2021.09.21
# 韓国 # 北朝鮮

「兵器好き」の金正恩も苦境か…北朝鮮と韓国の「誰も幸せにならない」軍拡競争の行く末

牧野 愛博 プロフィール

北朝鮮が韓国との競争に躍起になるワケ

そもそも、北朝鮮は通常兵器の老朽化から、米韓が対応しにくい戦術や兵器を用いる「非対称戦」に力を入れてきた。その象徴が核兵器や生物化学兵器といった大量破壊兵器だった。ところが、最近の北朝鮮は韓国軍と同じ兵器を導入することに躍起になっている。

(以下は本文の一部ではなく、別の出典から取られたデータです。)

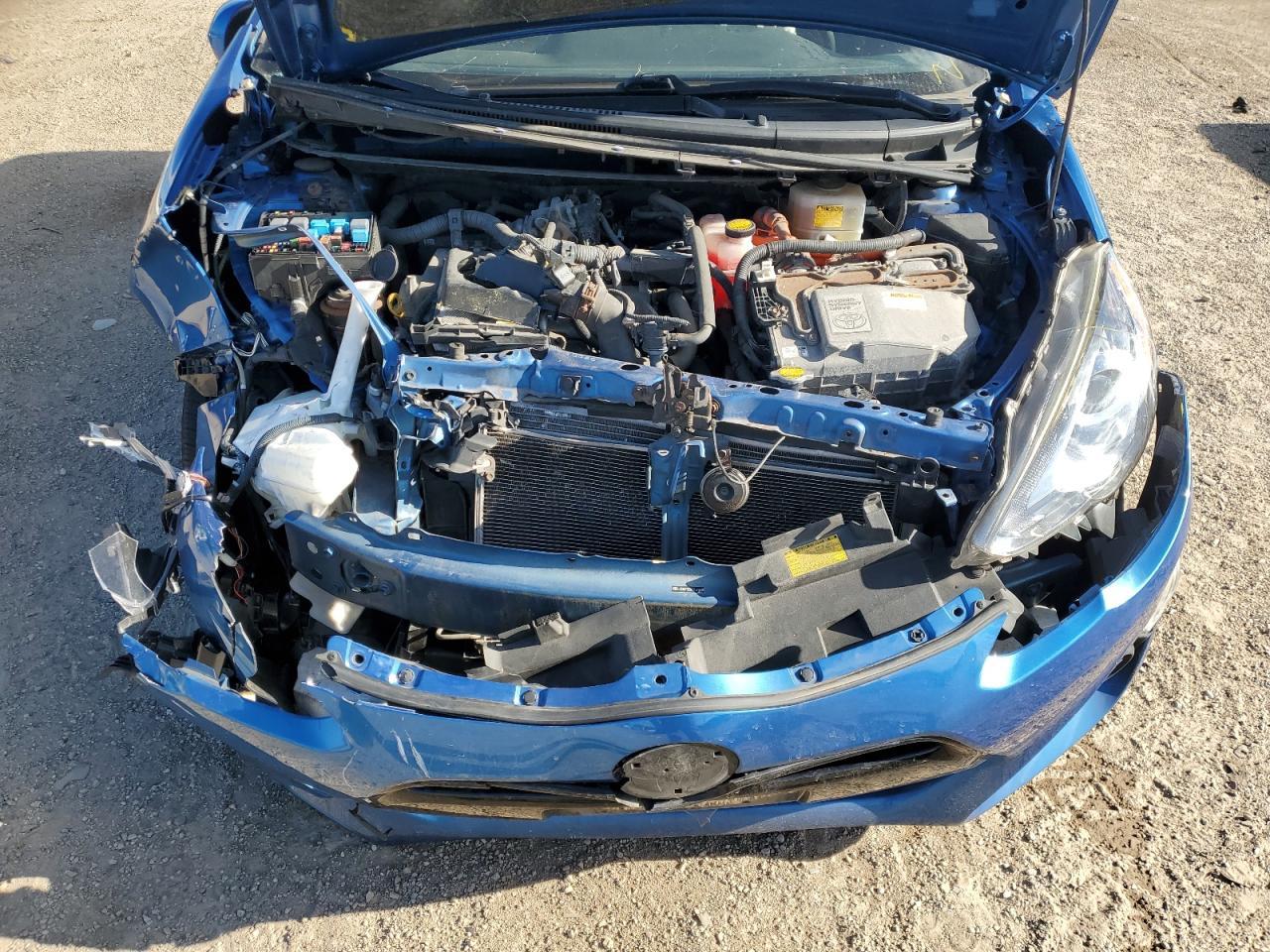 2015 TOYOTA Prius c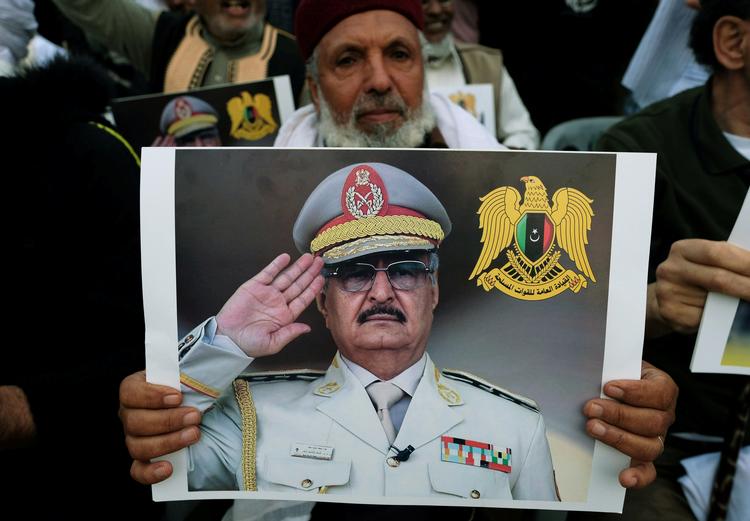 En libyesk mand holder billeder af oprørsleder, Khalifa Haftar, under en demonstration i  Benghazi, Libyen. Foto: Esam Al-fetori/Ritzau Scanpix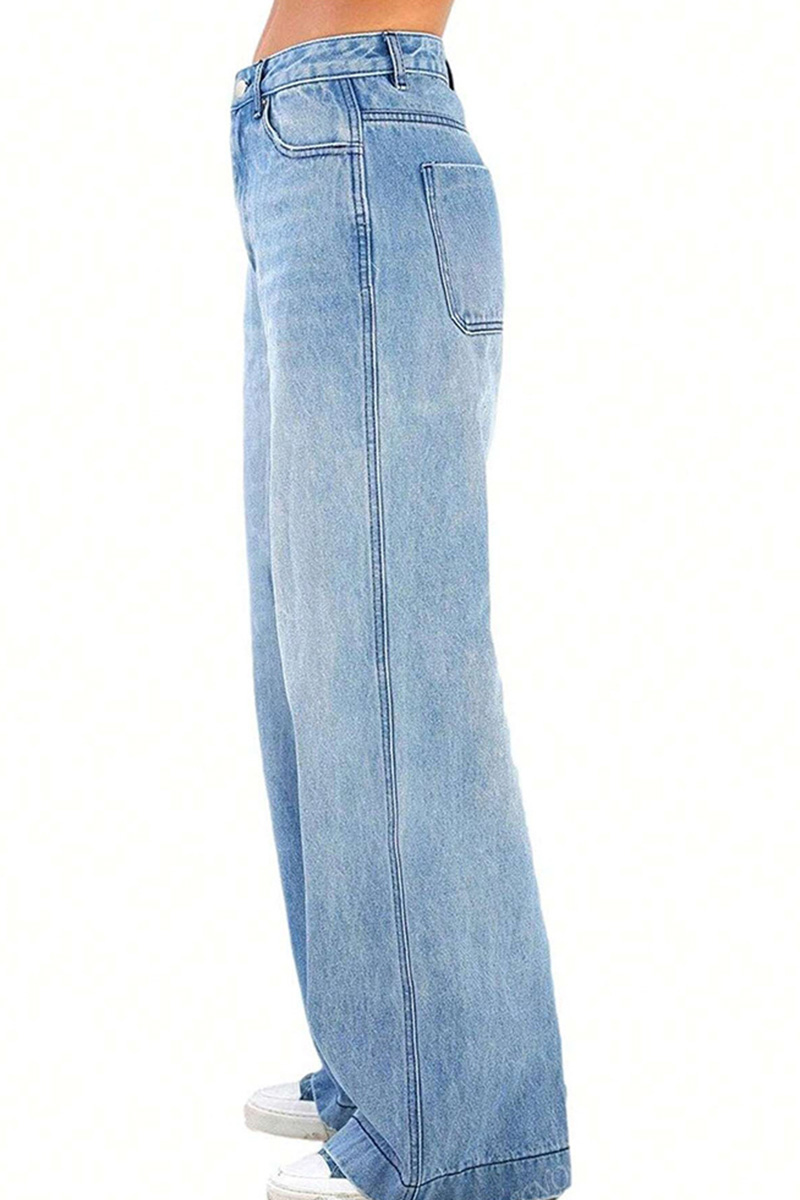 Women' s 90s Inspired Relaxed Fit Jeans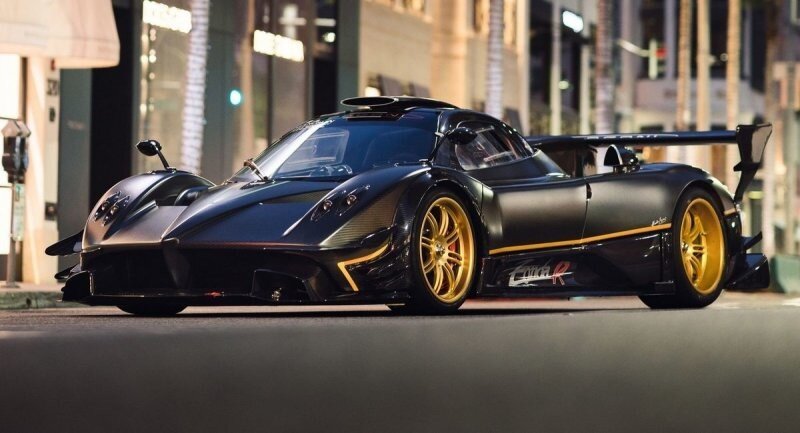 Один из десяти: редкий Pagani Zonda R Evolution выставлен на продажу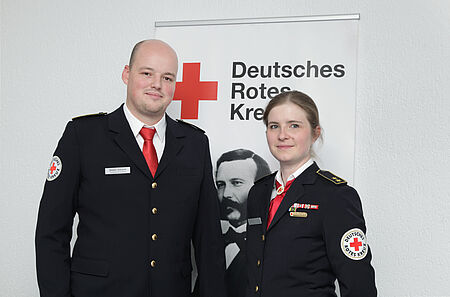 Stefan Schoch und Nadine Hanakam in Rotkreuz-Uniform.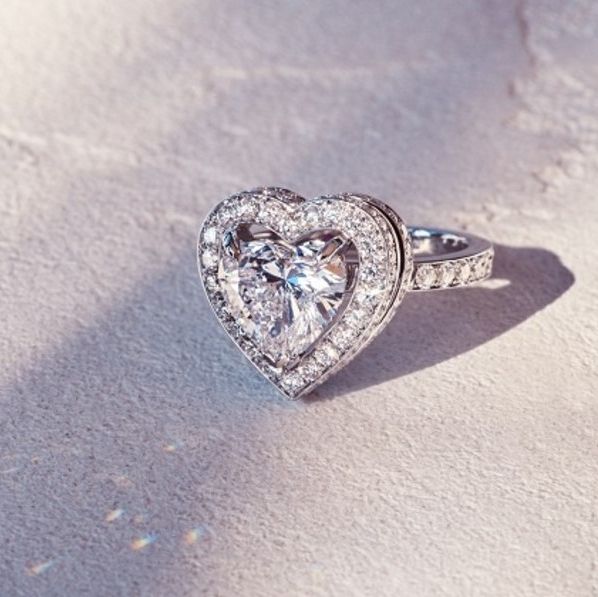 リボンとハートモチーフのダイヤモンドリングの写真。
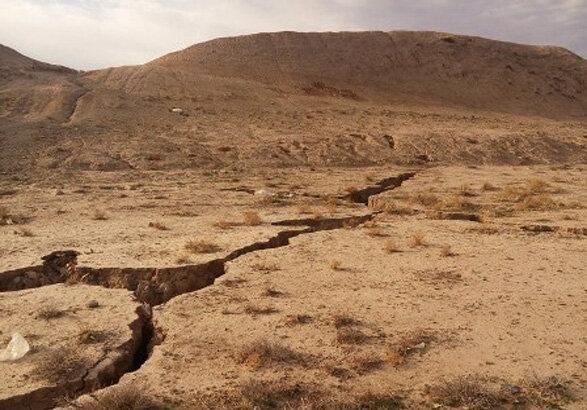 فرونشست زمین در دشت مهران، حجمی معادل سد ایلام از سفره های فرونشست زمین در دشت مهران، حجمی معادل سد ایلام از سفره های دشت مهران کم شده است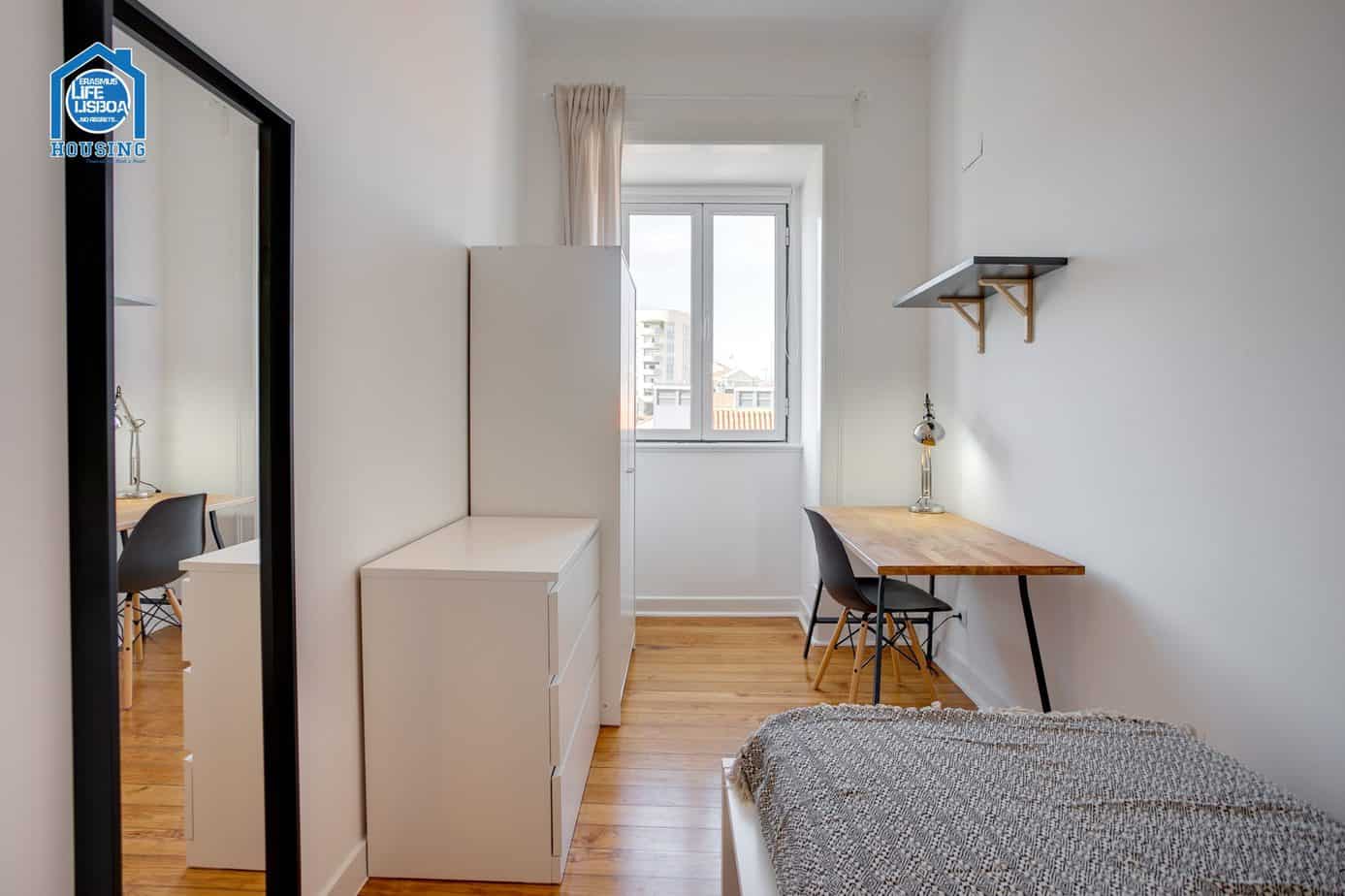 Bright & Cozy Room 1 with Desk – Santos-o-Velho Flat in Santos-o-Velho, lisboa – photo 3 of 16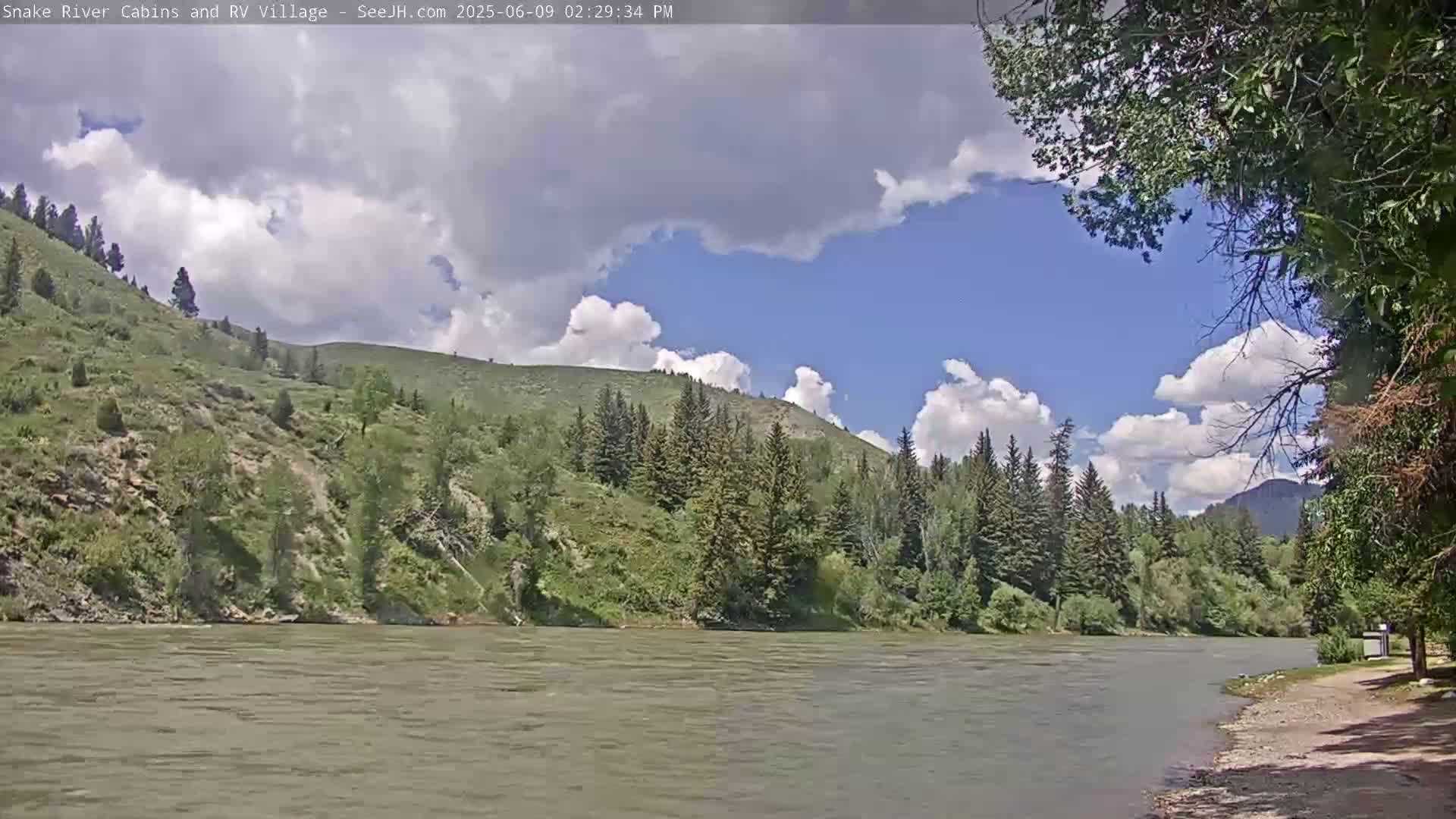 Hoback, Snake River Cabins and RV Village Live Cam - Hoback, Teton, Wyoming, USA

北朝鮮が15日に発射した短距離弾道ミサイルKN23は、ロシア製のイスカンデルによく似た兵器とされるが、一方で韓国軍が持つ短距離弾道ミサイル玄武(ヒョンム)2B(射程500キロ)にも酷似している。関係国の間ではKN23について「北朝鮮がロシアか韓国から情報を盗んで製作した」という評価が通説になっている。

北朝鮮が9月11、12の両日に発射実験を行ったという新型の長距離巡航ミサイル(射程1500キロ)も、韓国を意識した兵器とみられる。1500キロは日本の大半を射程に収める距離だが、北朝鮮はレーダー設備が貧弱で水平線を超えた標的を確認できない。 この巡航ミサイルの速度は旅客機並みで、日本に到達するまで1時間以上かかる。

自衛隊の元幹部は「バルカン砲や空対空ミサイルでも撃墜できる。日本を狙う兵器ではないだろう」と語る。射程1500キロが持つ意味は、攻撃を受けにくい中朝国境沿いから、韓国全土を狙うという意味だろう。韓国はすでに巡航ミサイルを配備。国防科学研究所は9月15日の文大統領の視察時に、超音速巡航ミサイルの開発報告も行っている。北朝鮮の実験は、こうした韓国の兵器開発を大いに意識した結果とも言えそうだ。

 

では、なぜ、核兵器も開発した北朝鮮が、韓国との通常兵器の開発競争に躍起になるのか。そもそも、北朝鮮は米国を安全保障の最大脅威と捉え、韓国は眼中になかったのではないのか。

ひとつは、最高指導者金正恩氏の「兵器好き」がある。北朝鮮関係筋によれば、正恩氏は2016年3月6日に党・軍の側近数人に対し、「やりたいことを全部できるのは、強大な革命武力と威力のある主体的国防工業があるからだ」と指摘。「先端武装装備一つ一つが、肉親のように大切に感じられる」と語ったことがある。

今年1月の党大会でも、極超音速滑空飛行弾頭の開発や原子力潜水艦、SLBMを意味するとみられる水中発射型核戦略兵器の保有などを指示していた。

北朝鮮の最近の行動を見ていると、今年3月にもKN23を発射するなど、定期的に実験を繰り返している。自衛隊関係者は「開発に向けた強い意思を感じる」と語る。前述のとおり、金与正氏も15日の談話で兵器開発の理由について「兵器システム開発5カ年計画の初年の重点課題遂行」と説明している。

ただ、北朝鮮は非対称戦力の充実を目指し、2006年10月に初めての核実験を行った。北朝鮮は当時、市民向けの講習会で「核兵器を開発したので、これからは予算を経済や民生に回すことができる」と説明していた。今の動きは明らかに、この説明と矛盾する。